Relationship between variables
Introduction
In this notebook, we will use the results of factor analysis of mixed data (FAMD) to explore relationships between variables.
Import and pre-process data
## Import library library(plyr) library(dplyr) library(arulesCBA) ## Import data df <-read.csv("https://github.com/nchelaru/data-prep/raw/master/telco_cleaned_renamed.csv") ## Drop TotalCharges variable, as it is a product of MonthlyCharges and Tenure df <- within(df, rm('TotalCharges')) ## Discretize "MonthlyCharges" with respect to "Churn"/"No Churn" label and assign to new column in dataframe df$Binned_MonthlyCharges <- discretizeDF.supervised(Churn ~ ., df[, c('MonthlyCharges', 'Churn')], method='mdlp')$MonthlyCharges ## Rename the levels based on knowledge of min/max monthly charges df$Binned_MonthlyCharges = revalue(df$Binned_MonthlyCharges, c("[-Inf,29.4)"="$0-29.4", "[29.4,56)"="$29.4-56", "[56,68.8)"="$56-68.8", "[68.8,107)"="$68.8-107", "[107, Inf]" = "$107-118.75")) ## Discretize "Tenure" with respect to "Churn"/"No Churn" label and assign to new column in dataframe df$Binned_Tenure <- discretizeDF.supervised(Churn ~ ., df[, c('Tenure', 'Churn')], method='mdlp')$Tenure ## Rename the levels based on knowledge of min/max tenures df$Binned_Tenure = revalue(df$Binned_Tenure, c("[-Inf,1.5)"="1-1.5m", "[1.5,5.5)"="1.5-5.5m", "[5.5,17.5)"="5.5-17.5m", "[17.5,43.5)"="17.5-43.5m", "[43.5,59.5)"="43.5-59.5m", "[59.5,70.5)"="59.5-70.5m", "[70.5, Inf]"="70.5-72m")) ## Export data to CSV for use in Python runtime write.csv(df, "./results/cleaned_df.csv", row.names=FALSE)

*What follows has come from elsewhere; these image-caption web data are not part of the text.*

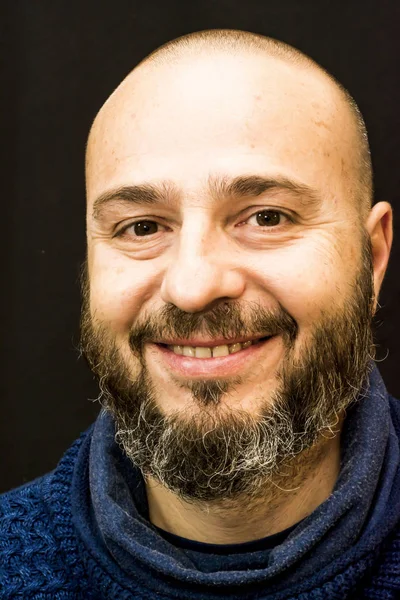 Hombre guapo y calvo con barba sobre fondo negro —  Fotos de Stock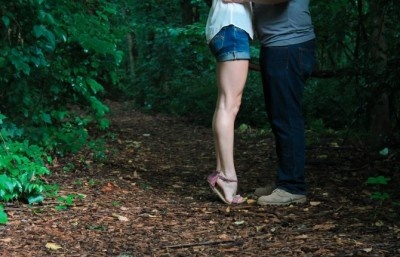 彼の愛を感じる！　女子が快感をおぼえるのは「キス」or「ハグ」？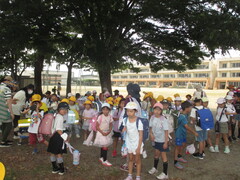 小学校に到着した子どもたち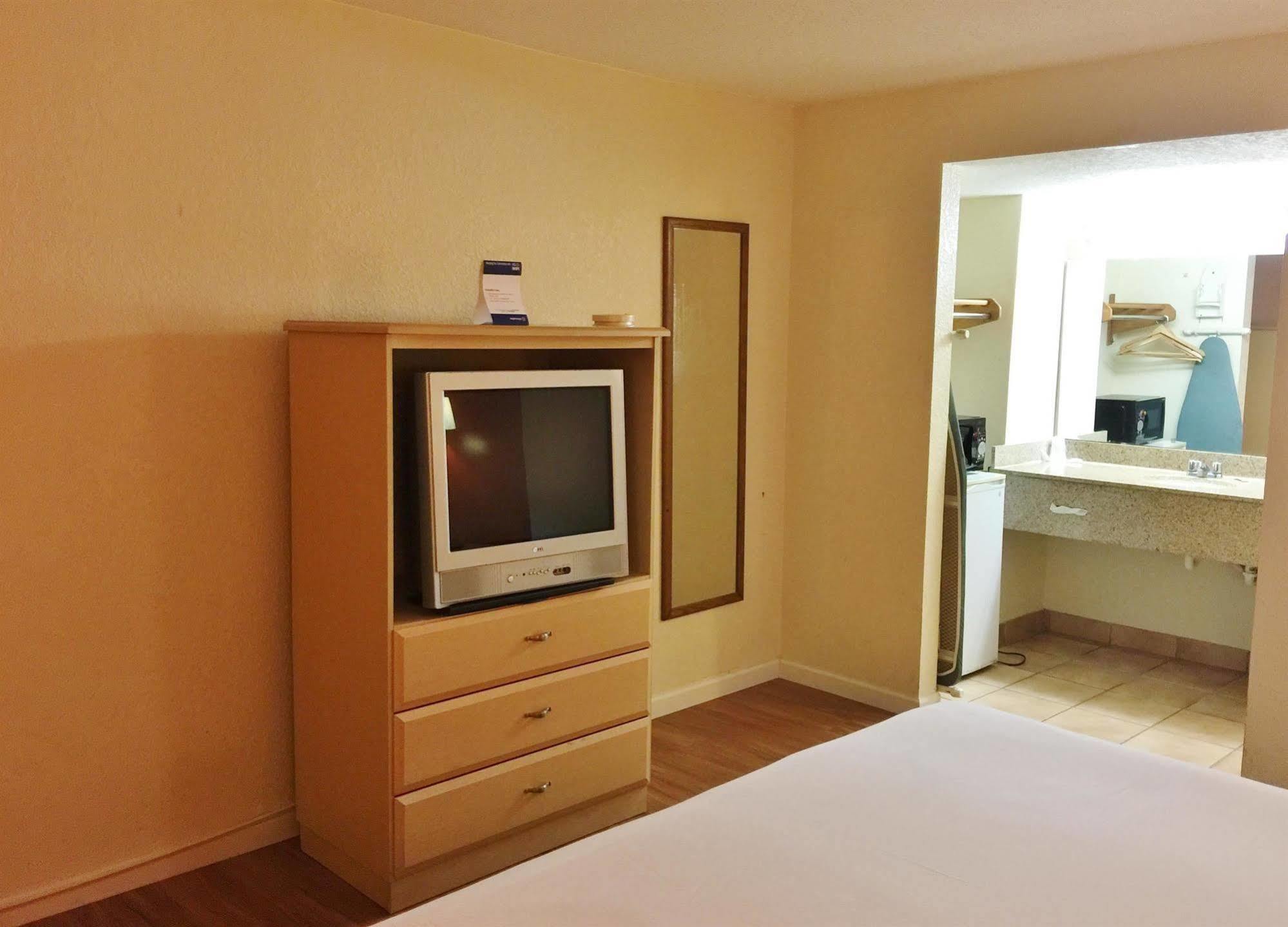 Country Hearth Inn- Kissimmee Kültér fotó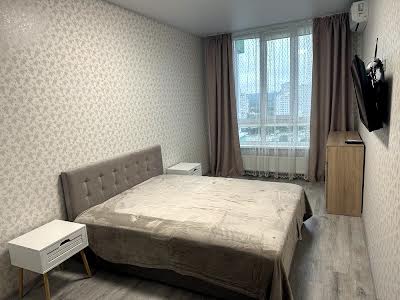 квартира за адресою Каховська вул., 60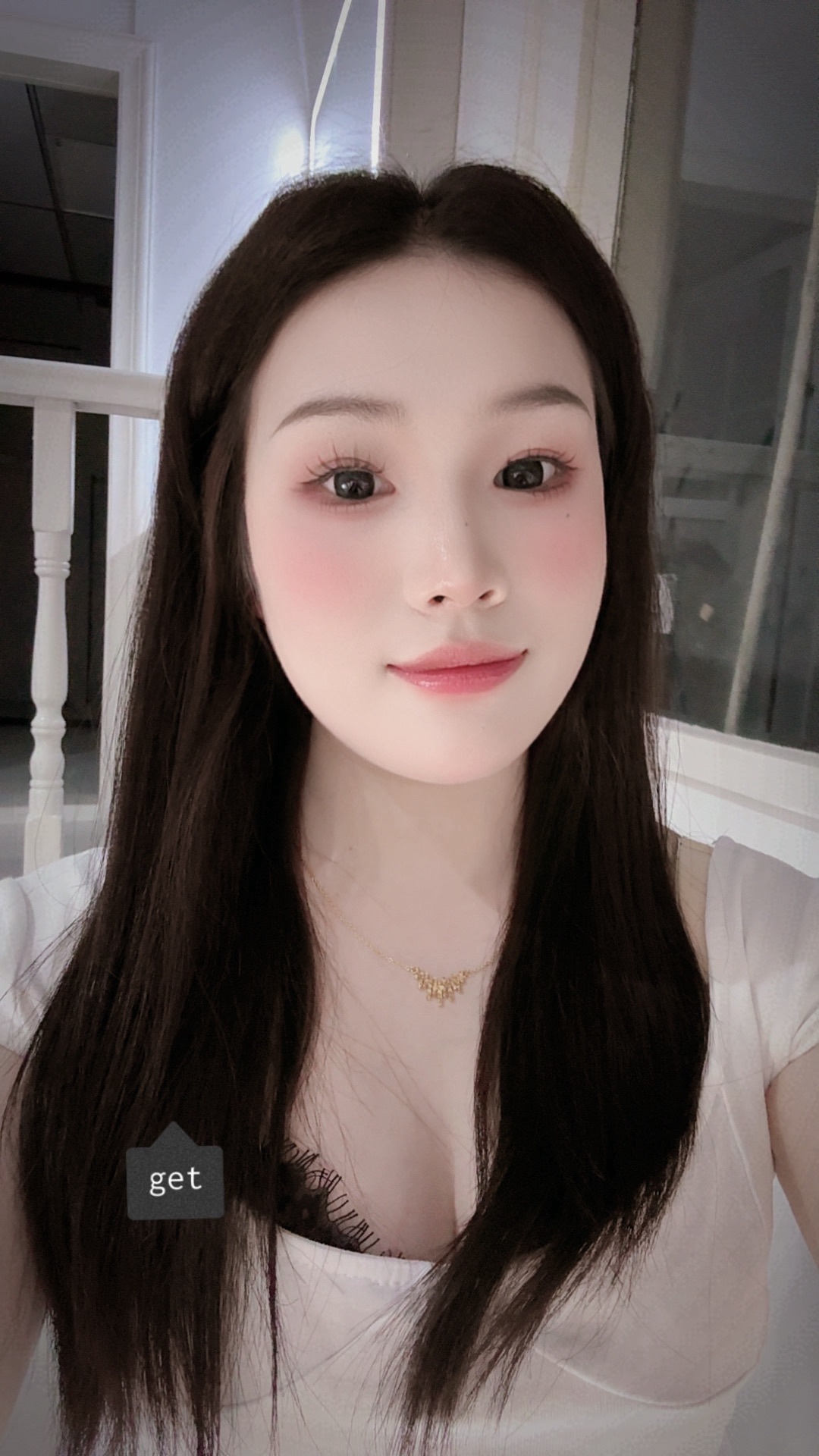 新人艾莎的图片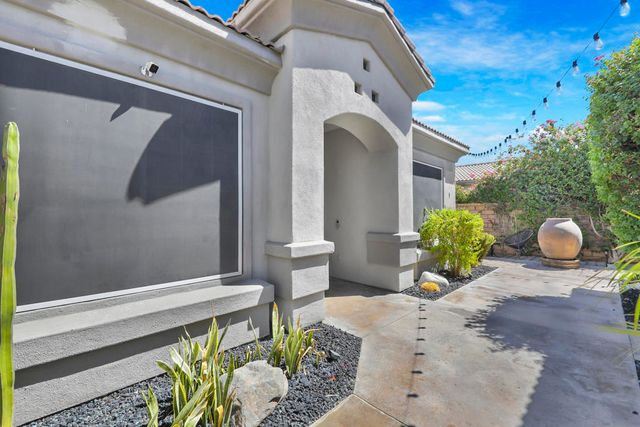 79818 Parkway Esplanade S, La Quinta, CA 92253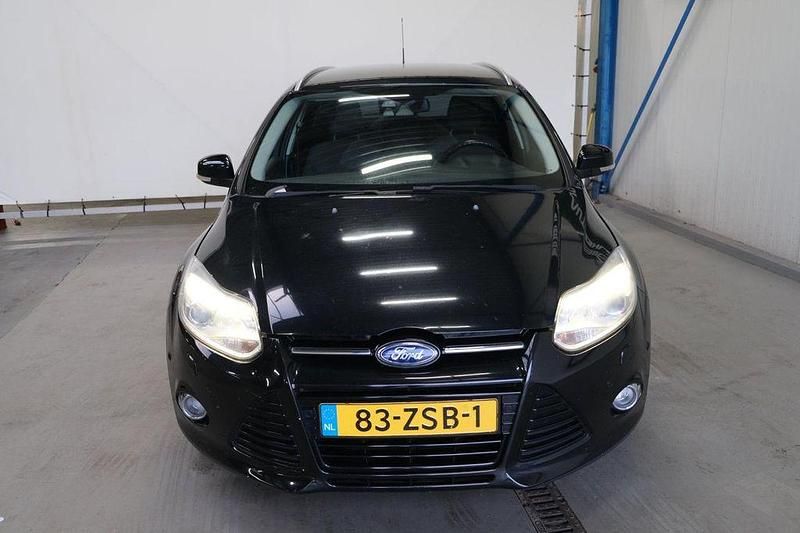 Gebraucht Ford Focus Titanium 125 PS (91 kW) 2013 Schwarz Kombi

Relationship between variables
Numerical variables
Correlation circles, which were introduced in part 2 of this series as a way to visualize how well numerical variables are represented by two given principal components (PCs), can also be used to examine relationships between those variables.
## Import libraries library(FactoMineR) library(factoextra) ## FAMD res.famd <- FAMD(df, sup.var = 20, graph = FALSE, ncp=25) ## Plotting fviz_famd_var(res.famd, "quanti.var", repel = TRUE, col.var = "black")
To interpret the correlation circle, whereas positively correlated variables appear in the same quadrant, negatively correlated variables are positioned on opposite sides of the origin. So in this example, we see that Tenure
and MonthlyCharges
are negative correlated in some way. This makes some intuitive sense, as customers with high monthly charges may not stay very long with the company.
Finally, as a sidenote, the PCAmixdata
package can produce the exact same plot from the FAMD results. One of the authors of the package has a fairly detailed tutorial here.
Categorical variables
In the squared loading plots shown in part 2 of this series, we could get some rough ideas as to the relationships between categorical variables. However, we can further visualize the relationships between levels of categorical variables (including discretized continuous variables, such as MonthlyCharges
and Tenure
) in level maps. This allows us to get much more fine-grained insights, as for example "Senior Citizen" and "Not Senior Citizen" carry very different meanings, which are lost when lumped together into a single variable.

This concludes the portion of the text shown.